CategoryPeriodReason
Active accountWhile the account existsActive service
Deleted account30 days (full technical deletion)Pending cancellations and disputes
Transaction records and invoices10 yearsTax obligation (Luxembourg)
Security and access logs12 monthsFraud detection
Messages between users2 years from the last messageDispute resolution
GDPR consent records5 yearsLegal obligation — accountability
Cookie consent records13 monthsePrivacy Directive

7. Your rights (GDPR)

Access (Art. 15)

Obtain confirmation and a copy of the personal data we process about you.

Rectification (Art. 16)

Correct inaccurate data or complete incomplete data.

Erasure (Art. 17)

Request the deletion of your data when it is no longer necessary ("right to be forgotten").

Portability (Art. 20)

Receive your data in a structured, machine-readable format (JSON/CSV).

Restriction (Art. 18)

Request that we pause processing while a dispute is being resolved.

Objection (Art. 21)

Object to processing based on legitimate interest or to direct marketing.

How to exercise your rights

Send your request to [email protected] with the subject "GDPR Request — [type of right]". We respond within a maximum of 30 days (extendable to 60 days in complex cases, with notice).

You can also manage many rights directly from My Account → Privacy.

8. Cookies

We use our own and third-party cookies. For full details, see our Cookie Policy. You can manage your preferences at any time from the cookie banner or from the page footer.

9. Minors

Fuego Social is not directed at persons under 18 years of age. We do not intentionally collect data from minors. If we detect an account belonging to a minor, we will delete it immediately.
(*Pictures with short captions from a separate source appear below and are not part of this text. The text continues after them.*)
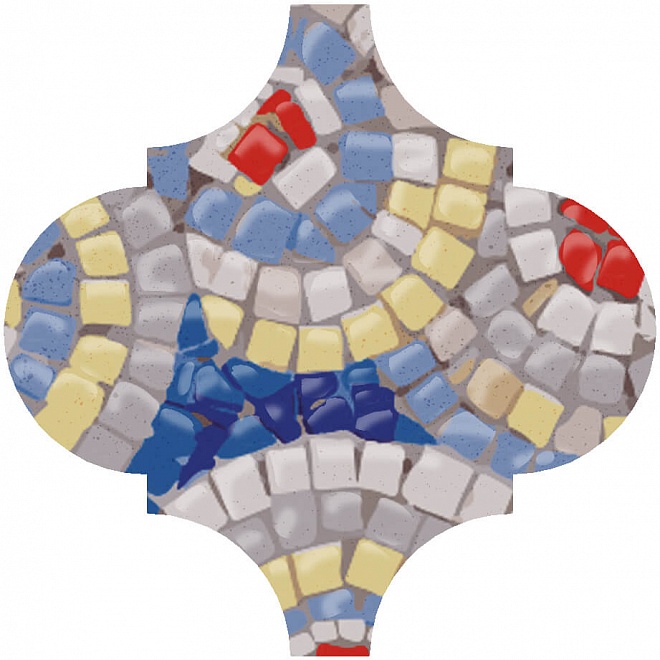 Декор OP\A172\65000 Арабески Майолика Гауди глянцевый 6,5x6,5x0,7, Kerama Marazzi (Керама Марацци)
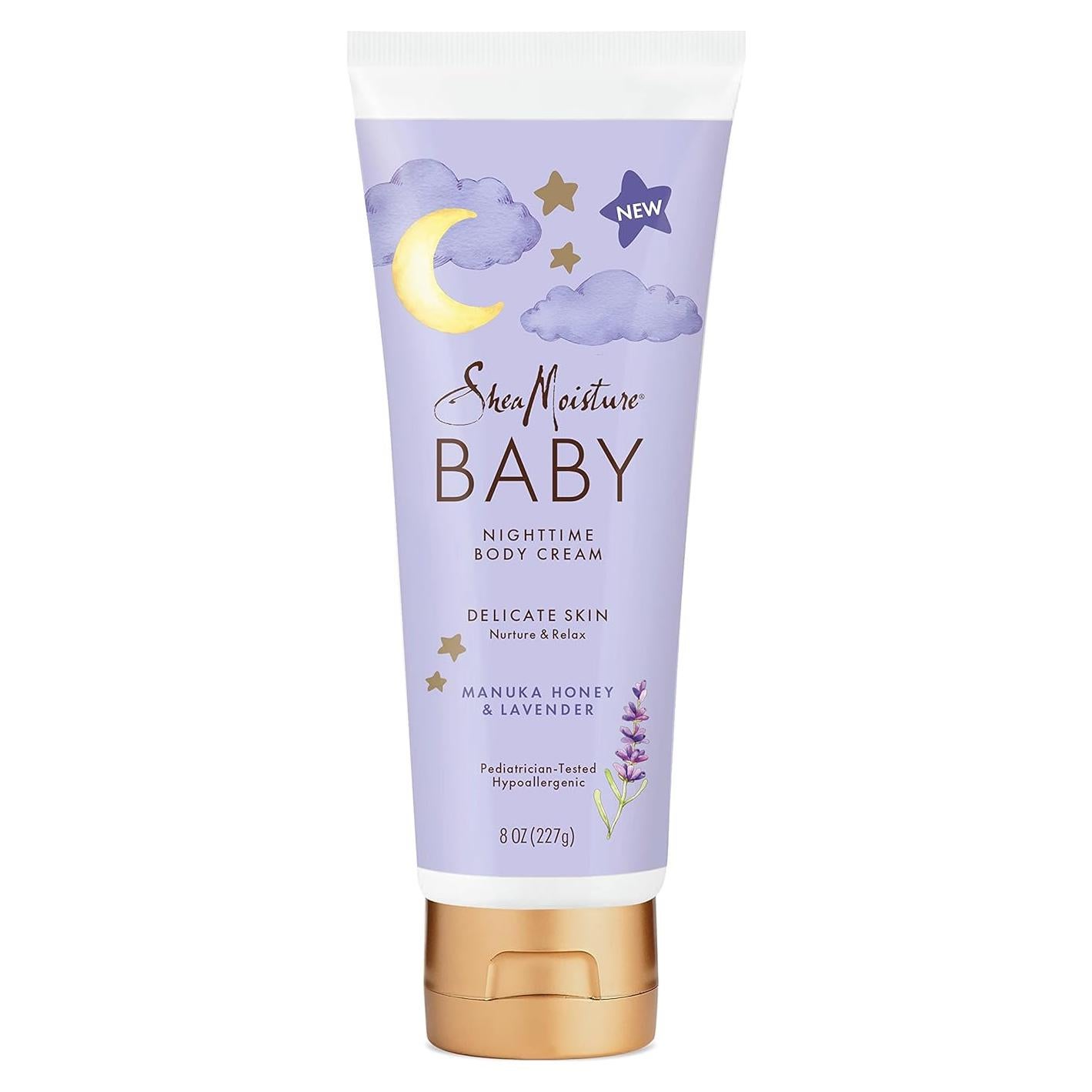 Set de Cuidado Hidratante para Bebés SheaMoisture 2x236ml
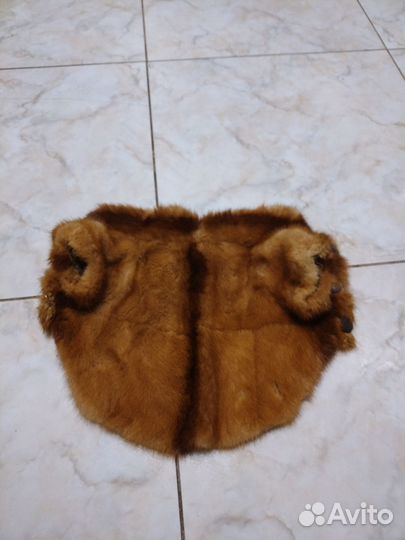 Норковая шуба для собак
Notifications: [email protected].

10. Security

We implement appropriate technical and organisational measures in accordance with Art. 32 GDPR:

  • Password encryption with bcrypt (cost 12)
  • Encrypted transmission with TLS 1.3
  • Restricted access to personal data (principle of least privilege)
  • Continuous monitoring of access and anomalous activity
  • Encrypted backups with automatic rotation
  • Tokenisation of payment data (processed directly by Stripe/MercadoPago)

In the event of a security breach affecting your rights, we will notify you within 72 hours of becoming aware (Art. 34 GDPR).

11. Changes to this policy

We may update this policy to reflect changes in the service or in legislation. When changes are material, we will communicate them by email and/or via a notice on the platform with at least 30 days' notice. The "last updated" date in the header reflects the current version.

12. Contact and complaints

Privacy: [email protected]

If you are not satisfied with our response, you have the right to lodge a complaint with the supervisory authority:

Commission Nationale pour la Protection des Données (CNPD)
https://cnpd.public.lu

If you reside in another EU country, you may also contact the data protection authority in your country of residence.